Benchmarking Discipline
Reproducible benchmarks.
Setup discipline
Benchmarking is the discipline of producing numbers that hold up to scrutiny. Setup is where most benchmarks already break: inconsistent environment, no warm-up, single run, missing config. Get the setup right and the numbers become trustworthy.
- Reproducible environment. Same hardware, OS, dependency versions, and data per run; differences invalidate the comparison silently.
- Warm-up period. JVM JIT, OS page cache, connection-pool warm-up per run; measure steady-state rather than cold-start artifacts.
- Repeat the test. Five runs minimum per comparison; single run is noise. Report mean and standard deviation, not the best number.
- Captured config per run. Saved settings per run support later reproduction; "I forgot what I tested" wastes the benchmark.
What to measure
What you measure shapes the conclusions. Latency tails, sustained throughput, and resource utilisation each tell a different part of the story; missing any one produces benchmarks that mislead.
- Latency percentiles. p50, p95, p99, p99.9 per run; mean is misleading because user experience is shaped by the tails.
- Throughput. Sustained requests per second over the test window; not peak, sustained, because peak is just the warm-up burst.
- Resource utilisation. CPU, memory, IO, network per run; helps identify bottlenecks beyond raw latency numbers.
- Error rate per run. Failed-request percentage; catches benchmarks that "scaled" by silently dropping work.
Realistic load patterns
Realistic load patterns are where benchmarks earn or lose credibility. Pure-write benchmarks rarely reflect reality; single-thread load misses connection-level effects; synthetic payloads hide real-payload artifacts.
- Match production traffic shape. Read/write ratio per benchmark; pure-write benchmarks rarely reflect production behaviour.

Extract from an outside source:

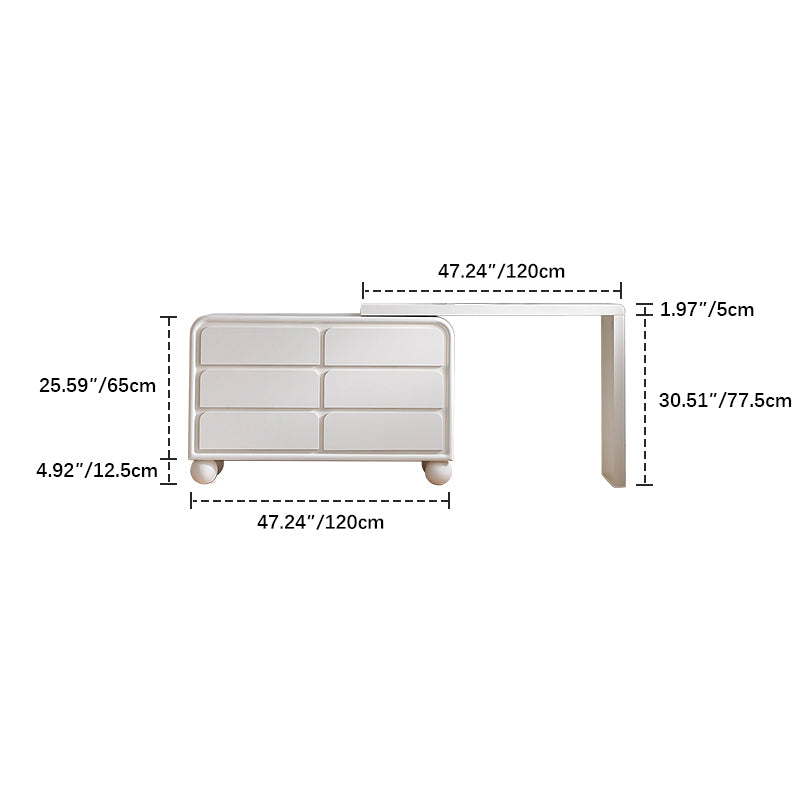 Elegant Oak Pine Vanity Desk with Mirror and Storage Drawers for Modern Bedrooms hqlw-4017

- Burst and steady-state both. Both modes per benchmark; benchmarks that only run steady miss the burst behaviour where most production issues hide.
- Multi-client load. Multiple machines and threads per benchmark; single-threaded clients miss connection-level effects that production hits.
- Realistic payload per benchmark. Production-shape payload size; synthetic-payload artifacts produce numbers that do not transfer.
Comparing variants
Comparing variants is its own discipline. One variable per comparison, same conditions, statistical significance check; without those, the comparison number is folklore.
- Single variable change. One thing at a time per comparison; changing two things means you cannot attribute the difference to either.
- Same load generator. Same generator, duration, hardware per comparison; anything different is a confounding variable.
- Statistical significance. Noise-floor check per comparison; a 2% change with 5% standard deviation is noise, not signal.
- Documented hypothesis per comparison. Named expectation before the run catches confirmation bias.
Reporting results
Reporting is where the work lands. Configuration, load shape, and caveats together let future readers reproduce or argue with the numbers; without them the benchmark becomes a marketing claim.
- Include configuration. Hardware, software versions, settings per report; future readers reproduce only if they have this.
- Include load shape. RPS, request size distribution, payload type per report; numbers are meaningless without context.
- Include caveats. Not-measured and hard-to-control items per report; the honest report builds more trust than the polished one.
- Raw data link per report. Published raw runs support independent verification; benchmarks that only publish summaries do not survive scrutiny.